→ **Assignment**: Retype only the lines below from the one with "Smart TV (46401)" to the one with "6 bedroom House", inclusive, skipping every image.

→ **Exercise materials**:
↓↓↓

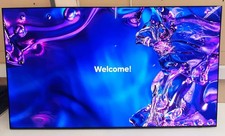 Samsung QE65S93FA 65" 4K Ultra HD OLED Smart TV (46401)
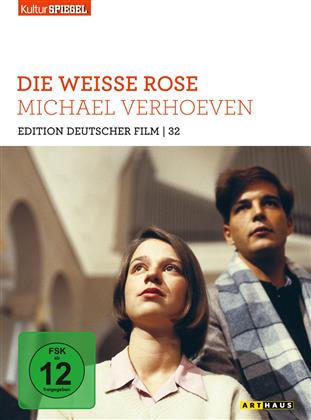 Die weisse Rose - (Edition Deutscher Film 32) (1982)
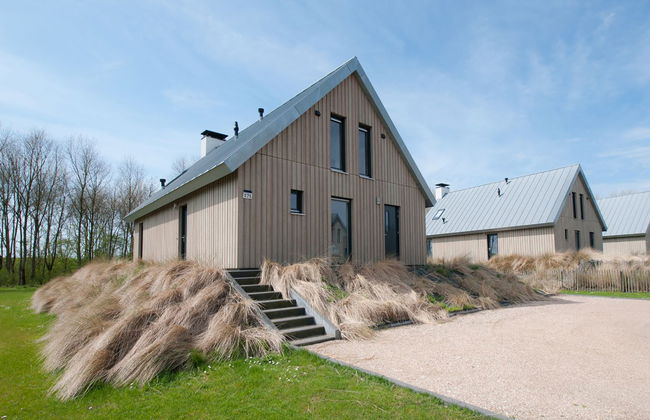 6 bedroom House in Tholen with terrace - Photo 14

↑↑↑
↓↓↓

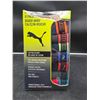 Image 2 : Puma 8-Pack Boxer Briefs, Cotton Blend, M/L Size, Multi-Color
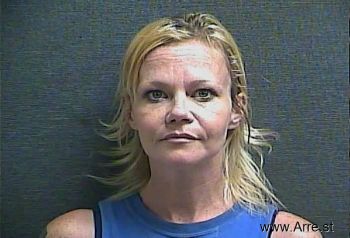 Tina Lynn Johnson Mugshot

↑↑↑

→ **Exercise output**:
 Samsung QE65S93FA 65" 4K Ultra HD OLED Smart TV (46401)
 Die weisse Rose - (Edition Deutscher Film 32) (1982)
 6 bedroom House in Tholen with terrace - Photo 14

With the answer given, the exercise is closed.